Would you please return the lines of the entries below starting at the line that has "Kowbojki damskie zamszowe" and ending at the line that has "Bej Kemerli Uzun Keten Elbise - Görsel 2", both included, exactly as they are?
───── Material for the task
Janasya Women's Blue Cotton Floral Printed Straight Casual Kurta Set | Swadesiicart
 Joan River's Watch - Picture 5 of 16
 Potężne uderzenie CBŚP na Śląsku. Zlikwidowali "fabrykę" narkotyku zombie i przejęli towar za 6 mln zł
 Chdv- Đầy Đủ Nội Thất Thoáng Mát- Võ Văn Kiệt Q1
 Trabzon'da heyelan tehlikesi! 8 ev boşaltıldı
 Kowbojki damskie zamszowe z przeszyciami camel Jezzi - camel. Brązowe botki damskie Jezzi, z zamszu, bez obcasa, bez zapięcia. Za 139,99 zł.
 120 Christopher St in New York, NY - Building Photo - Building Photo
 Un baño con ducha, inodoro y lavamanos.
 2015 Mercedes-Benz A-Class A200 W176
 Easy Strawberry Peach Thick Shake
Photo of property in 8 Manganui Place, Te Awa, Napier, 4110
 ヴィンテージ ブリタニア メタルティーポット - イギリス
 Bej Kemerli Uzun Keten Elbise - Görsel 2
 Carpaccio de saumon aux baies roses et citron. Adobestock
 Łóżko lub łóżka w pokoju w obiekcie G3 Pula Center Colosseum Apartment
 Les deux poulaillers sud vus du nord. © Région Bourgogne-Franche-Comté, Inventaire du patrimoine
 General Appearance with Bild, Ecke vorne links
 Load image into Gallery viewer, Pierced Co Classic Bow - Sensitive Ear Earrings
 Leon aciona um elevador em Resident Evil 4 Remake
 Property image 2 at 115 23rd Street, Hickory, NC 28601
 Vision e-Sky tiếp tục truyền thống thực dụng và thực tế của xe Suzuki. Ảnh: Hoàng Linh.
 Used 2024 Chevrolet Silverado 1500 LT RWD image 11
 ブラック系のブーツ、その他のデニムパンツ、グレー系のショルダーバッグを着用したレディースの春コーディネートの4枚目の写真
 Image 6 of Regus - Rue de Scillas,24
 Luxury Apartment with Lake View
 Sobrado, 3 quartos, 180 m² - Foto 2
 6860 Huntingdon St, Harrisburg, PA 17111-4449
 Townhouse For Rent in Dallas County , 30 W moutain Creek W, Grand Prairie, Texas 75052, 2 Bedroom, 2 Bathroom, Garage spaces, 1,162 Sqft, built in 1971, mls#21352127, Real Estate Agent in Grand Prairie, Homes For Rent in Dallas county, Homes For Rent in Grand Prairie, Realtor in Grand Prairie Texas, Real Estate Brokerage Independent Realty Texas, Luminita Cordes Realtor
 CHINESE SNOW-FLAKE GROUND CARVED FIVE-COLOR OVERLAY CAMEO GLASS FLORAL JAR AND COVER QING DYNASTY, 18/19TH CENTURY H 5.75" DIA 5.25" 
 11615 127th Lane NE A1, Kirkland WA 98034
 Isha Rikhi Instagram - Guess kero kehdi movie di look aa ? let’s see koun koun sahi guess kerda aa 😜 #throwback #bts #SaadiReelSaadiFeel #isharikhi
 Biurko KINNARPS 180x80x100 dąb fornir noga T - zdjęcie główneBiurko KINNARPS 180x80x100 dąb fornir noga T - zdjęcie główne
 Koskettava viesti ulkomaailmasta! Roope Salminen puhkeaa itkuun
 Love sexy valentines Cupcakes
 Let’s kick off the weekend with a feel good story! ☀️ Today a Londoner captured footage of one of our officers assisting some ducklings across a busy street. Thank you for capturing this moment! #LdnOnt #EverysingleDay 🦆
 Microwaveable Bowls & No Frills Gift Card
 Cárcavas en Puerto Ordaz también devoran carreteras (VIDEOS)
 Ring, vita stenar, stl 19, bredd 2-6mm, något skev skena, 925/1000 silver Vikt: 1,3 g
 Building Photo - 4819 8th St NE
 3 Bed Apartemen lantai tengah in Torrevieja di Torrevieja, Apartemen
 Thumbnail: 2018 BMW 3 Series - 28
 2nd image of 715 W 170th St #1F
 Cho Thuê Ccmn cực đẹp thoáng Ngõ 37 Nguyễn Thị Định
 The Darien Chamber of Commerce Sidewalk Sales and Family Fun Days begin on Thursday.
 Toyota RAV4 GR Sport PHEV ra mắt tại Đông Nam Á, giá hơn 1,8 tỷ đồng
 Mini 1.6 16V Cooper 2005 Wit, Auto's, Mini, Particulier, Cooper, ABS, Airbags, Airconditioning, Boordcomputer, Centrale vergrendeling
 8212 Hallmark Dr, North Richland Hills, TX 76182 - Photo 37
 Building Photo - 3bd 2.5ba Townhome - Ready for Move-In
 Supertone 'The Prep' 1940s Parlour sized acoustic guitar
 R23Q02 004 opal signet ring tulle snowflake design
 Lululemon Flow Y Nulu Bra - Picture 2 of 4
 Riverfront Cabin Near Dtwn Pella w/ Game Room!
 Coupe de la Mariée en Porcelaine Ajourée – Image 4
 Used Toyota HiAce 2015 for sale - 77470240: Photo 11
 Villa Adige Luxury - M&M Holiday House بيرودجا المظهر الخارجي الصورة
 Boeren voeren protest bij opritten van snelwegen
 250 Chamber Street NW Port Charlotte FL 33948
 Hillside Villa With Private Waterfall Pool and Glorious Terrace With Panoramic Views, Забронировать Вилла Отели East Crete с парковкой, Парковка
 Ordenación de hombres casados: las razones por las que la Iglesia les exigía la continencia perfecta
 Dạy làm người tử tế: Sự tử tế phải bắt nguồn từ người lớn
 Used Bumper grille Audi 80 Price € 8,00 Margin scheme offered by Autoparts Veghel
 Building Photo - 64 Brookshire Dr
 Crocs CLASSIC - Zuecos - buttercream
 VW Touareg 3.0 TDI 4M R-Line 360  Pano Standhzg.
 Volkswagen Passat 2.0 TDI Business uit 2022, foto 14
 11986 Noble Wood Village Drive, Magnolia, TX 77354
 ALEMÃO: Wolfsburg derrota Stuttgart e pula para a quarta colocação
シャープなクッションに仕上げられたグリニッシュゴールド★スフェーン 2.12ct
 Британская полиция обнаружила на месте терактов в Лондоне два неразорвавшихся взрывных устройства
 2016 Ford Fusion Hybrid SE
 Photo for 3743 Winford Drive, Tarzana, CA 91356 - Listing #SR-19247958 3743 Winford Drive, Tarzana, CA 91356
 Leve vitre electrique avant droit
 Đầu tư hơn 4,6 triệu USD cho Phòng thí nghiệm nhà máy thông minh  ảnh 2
──────────
● Response for this exercise
 Kowbojki damskie zamszowe z przeszyciami camel Jezzi - camel. Brązowe botki damskie Jezzi, z zamszu, bez obcasa, bez zapięcia. Za 139,99 zł.
 120 Christopher St in New York, NY - Building Photo - Building Photo
 Un baño con ducha, inodoro y lavamanos.
 2015 Mercedes-Benz A-Class A200 W176
 Easy Strawberry Peach Thick Shake
Photo of property in 8 Manganui Place, Te Awa, Napier, 4110
 ヴィンテージ ブリタニア メタルティーポット - イギリス
 Bej Kemerli Uzun Keten Elbise - Görsel 2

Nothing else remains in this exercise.